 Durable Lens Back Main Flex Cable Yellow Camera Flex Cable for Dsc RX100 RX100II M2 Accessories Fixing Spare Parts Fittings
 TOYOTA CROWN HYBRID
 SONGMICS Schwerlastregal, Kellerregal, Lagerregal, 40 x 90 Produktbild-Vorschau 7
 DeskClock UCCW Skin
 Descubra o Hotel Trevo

----

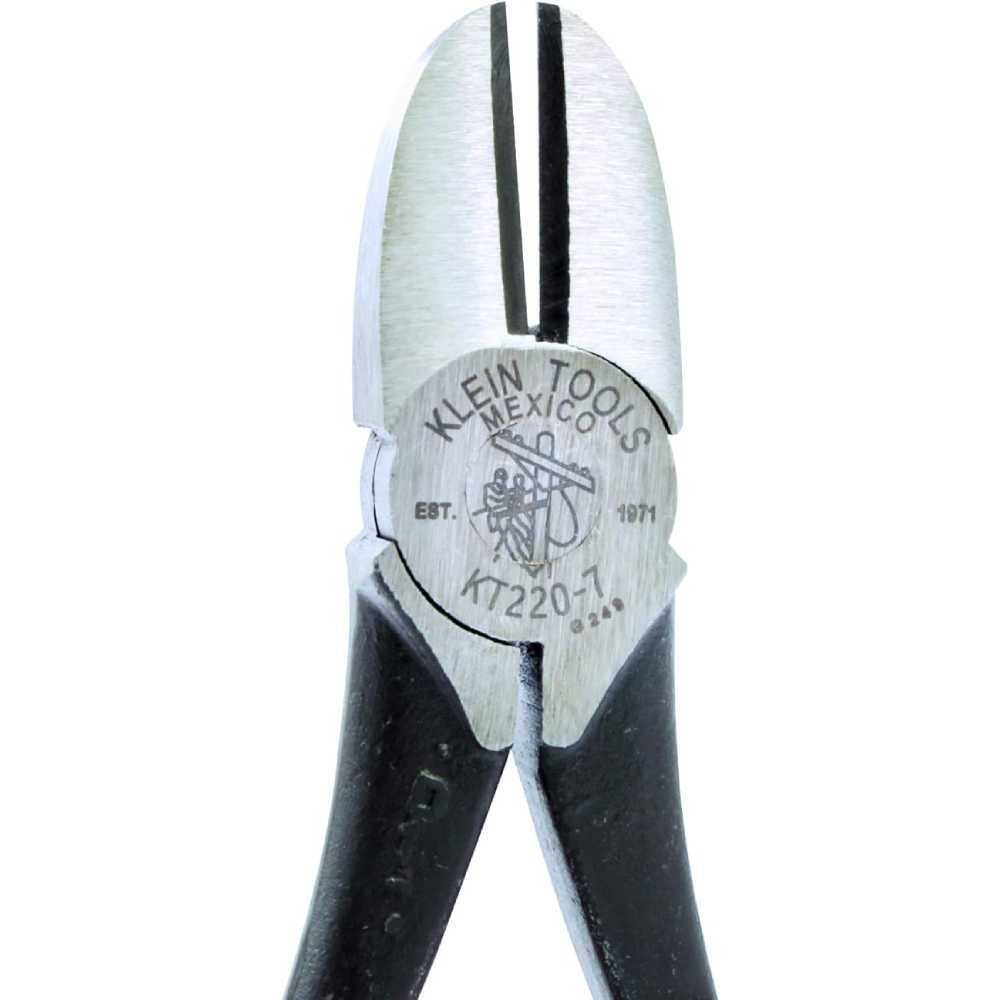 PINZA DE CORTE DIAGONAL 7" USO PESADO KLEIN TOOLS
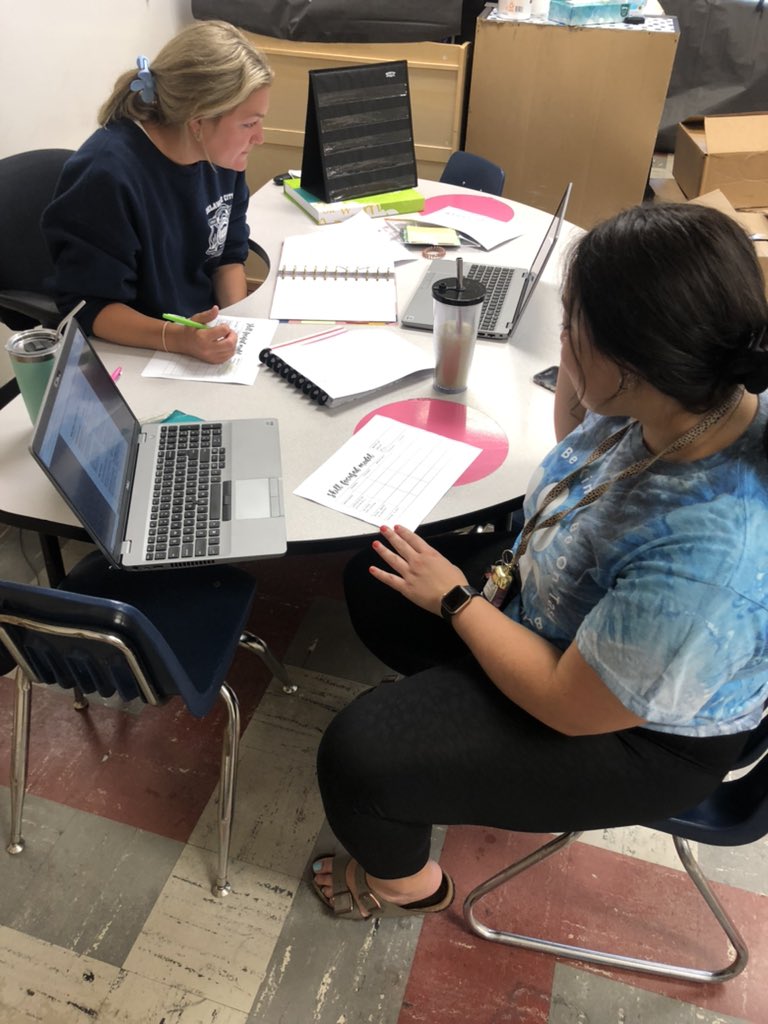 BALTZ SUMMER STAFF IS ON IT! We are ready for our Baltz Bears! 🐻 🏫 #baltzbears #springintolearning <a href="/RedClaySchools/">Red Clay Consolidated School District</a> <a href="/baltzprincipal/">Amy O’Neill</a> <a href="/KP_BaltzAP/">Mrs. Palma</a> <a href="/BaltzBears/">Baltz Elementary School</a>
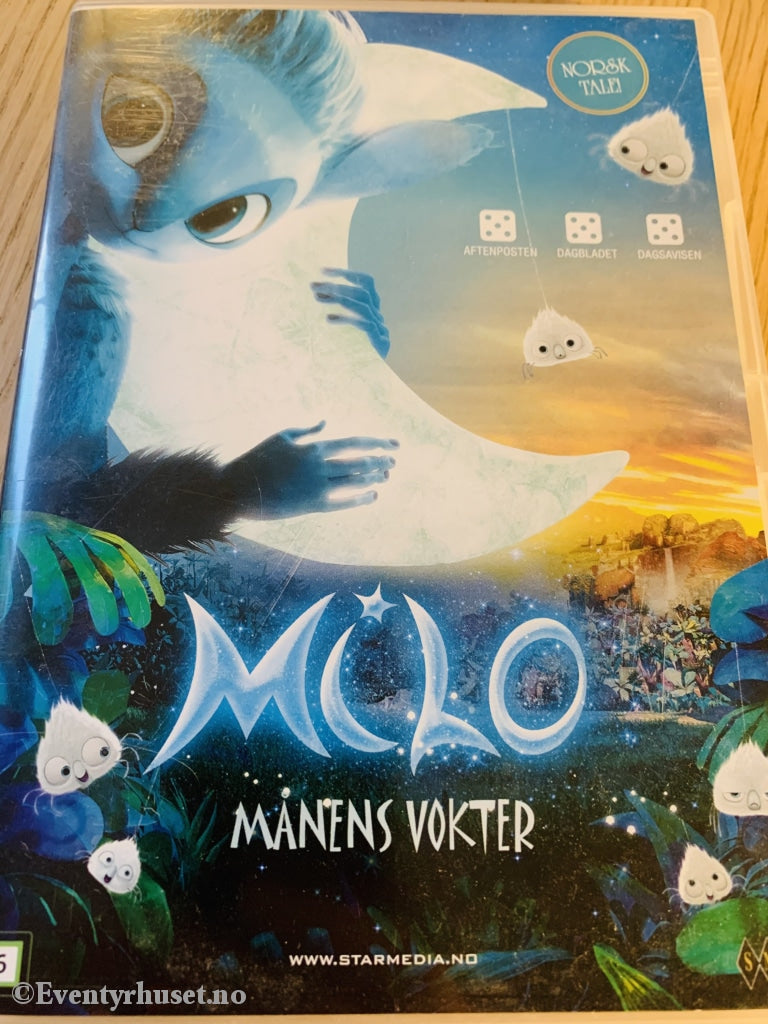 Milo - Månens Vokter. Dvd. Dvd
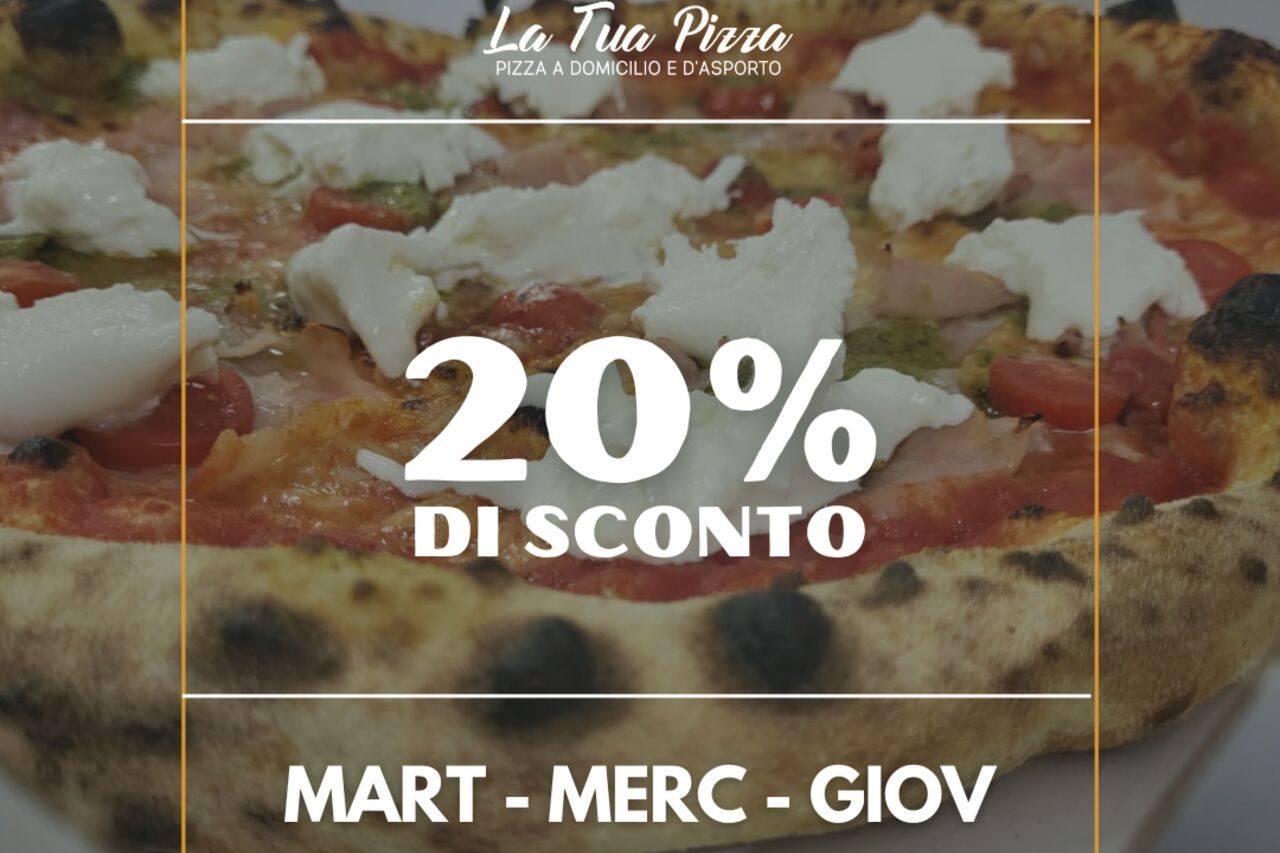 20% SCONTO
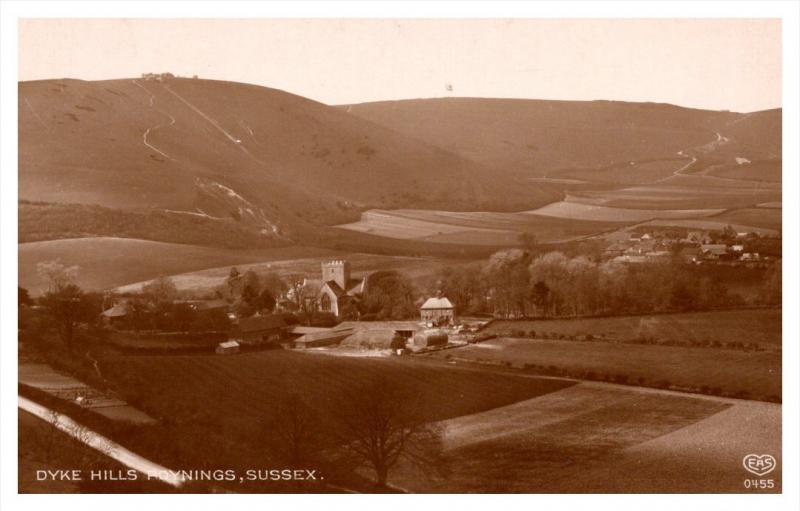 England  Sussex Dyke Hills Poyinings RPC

----

What you have to do: Using the records above, return word for word the lines that begin at the one containing "Milo - Månens Vokter. Dvd. Dvd" and end at the one containing "Hills Poyinings RPC", both of them included and no pictures.

Exercise answer:
 Milo - Månens Vokter. Dvd. Dvd
 20% SCONTO
 England  Sussex Dyke Hills Poyinings RPC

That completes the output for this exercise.